Voici venu le temps des gardes à vue

Voici venu le temps des gardes à vue

Nous le savons tous. La France souffre d’une pénurie de gardes à vue et c’est la raison pour laquelle ceux qui nous gouvernent, avec tant de discernement, s’emploient à en faire augmenter le nombre. Toutefois, il ne suffit pas de demander. Il faut faire. C’est pourquoi je veux indiquer à Messieurs Fouché et de la Reynie quelques pistes à faire suivre par leurs sbires.

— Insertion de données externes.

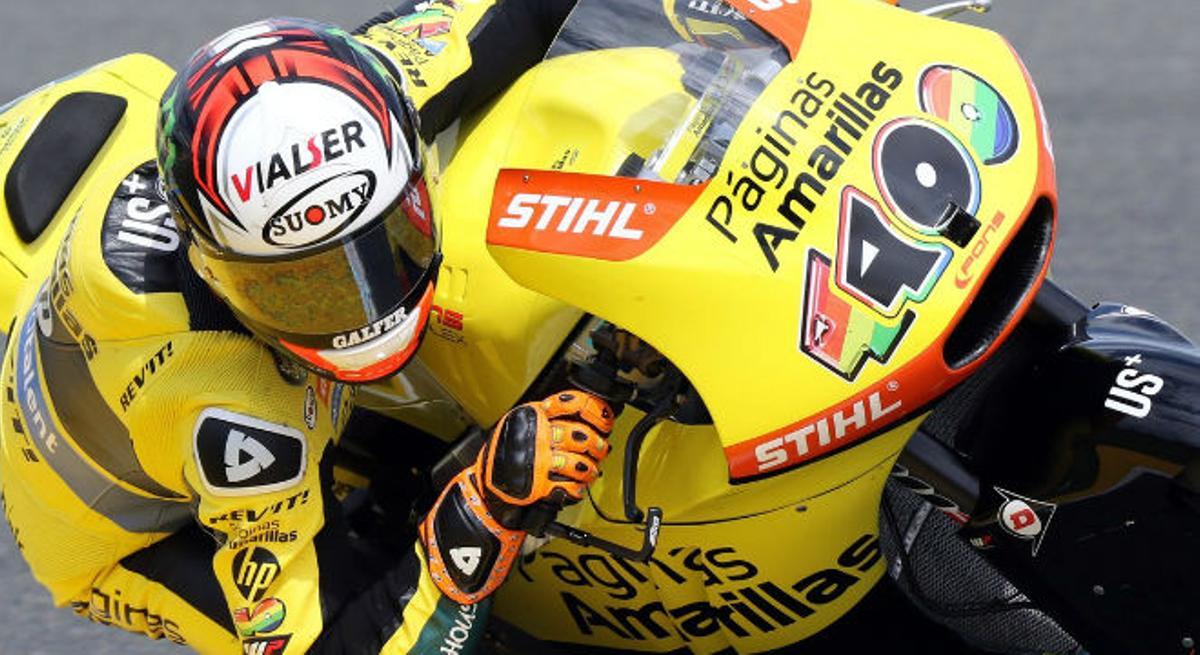 ELMOGP. Le Mans (France), 07/05/2016.- Spanish Moto 2 rider Alex Rins of Paginas Amarillas HP 40 in action during the Qualifying of the French motorcycling Grand Prix at Le Mans race track, Le Mans, France, 07 May 2016. (Motociclismo, Francia) EFE/EPA/EDDY LEMAISTRE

Je pense qu’on devrait tout d’abord mettre en garde à vue tous les policiers qui n’en totalisent pas assez. Au fond, on pourrait imaginer un système dans lequel les femmes mettraient les hommes en garde à vue et réciproquement, ce qui donnerait un peu de sel aux fouilles au corps. Mais cette disposition a ses limites, car elle ne permet pas d’atteindre un nombre suffisant, sauf si tout un chacun de la police se trouvait en garde à vue un jour sur trois.
Il va falloir donc étendre les populations concernées. On a récemment pratiqué la chose avec des adolescentes de 14 ans. Il faut donc aller plus bas. Par exemple, il faut appliquer la méthode à tous ces enfants délinquants qui tirent la langue à leurs parents. Pire encore, quand ils la tirent à des inconnus, pire encore si c’est hypocrite. Je suggèrerais qu’on l’étende à tous ces comportements asociaux tels que se tirer les crottes du nez et ronger ses ongles. On trouvera aussi un grand avantage à s’occuper des garçons de maternelle qui regardent sous les robes des filles. Les cochons ! Il y a aussi tous ceux qui font pipi au lit, qui n’aiment pas la soupe ou qui prennent le chien pour un cheval de rodéo. On appréciera aussi le côté thérapeutique de la chose : rien ne vaut une bonne garde à vue quand on trépigne en se roulant par terre en hurlant et en lançant des coups de pied dans tous les sens.
Voilà donc quelques pistes et je compte sur l’inventivité des fonctionnaires concernés pour étendre les applications.
Je voudrais aussi parler de la réussite des gardes à vue, car beaucoup sont infructueuses. Il n’y a pas d’aveu et c’est là tout le drame, car il est évident que la lampe de bureau dans la gueule ne produit plus d’effets depuis qu’on s’y prépare en regardant la télé.
Je suggère donc de revenir à de bonnes pratiques éprouvées.
D’abord, il y a le local. Au lieu de ces confortables cellules où le coupable vit des moments d’exception, on pourrait proposer des cages du style de celle que Louis XI réserva au Cardinal de La Ballue. Dans celles-ci, l’intéressé ne pouvait ni se lever, ni marcher. De plus, la cage était tenue suspendue pour permettre l’évacuation des déjections du grand malfaisant.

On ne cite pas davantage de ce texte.